▶ DATA BELOW:
....

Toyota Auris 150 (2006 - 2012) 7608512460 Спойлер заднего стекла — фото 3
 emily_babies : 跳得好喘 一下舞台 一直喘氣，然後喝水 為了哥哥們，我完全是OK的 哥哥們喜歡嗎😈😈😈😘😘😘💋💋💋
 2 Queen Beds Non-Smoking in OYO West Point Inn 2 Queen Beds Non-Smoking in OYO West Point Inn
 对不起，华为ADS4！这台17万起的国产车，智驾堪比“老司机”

....

▶ ASSIGNMENT: Please give back only the lines starting with the one that contains "emily_babies : 跳得好喘" and ending with the last line of the listing, retyped exactly.

▶ REPLY:
 emily_babies : 跳得好喘 一下舞台 一直喘氣，然後喝水 為了哥哥們，我完全是OK的 哥哥們喜歡嗎😈😈😈😘😘😘💋💋💋
 2 Queen Beds Non-Smoking in OYO West Point Inn 2 Queen Beds Non-Smoking in OYO West Point Inn
 对不起，华为ADS4！这台17万起的国产车，智驾堪比“老司机”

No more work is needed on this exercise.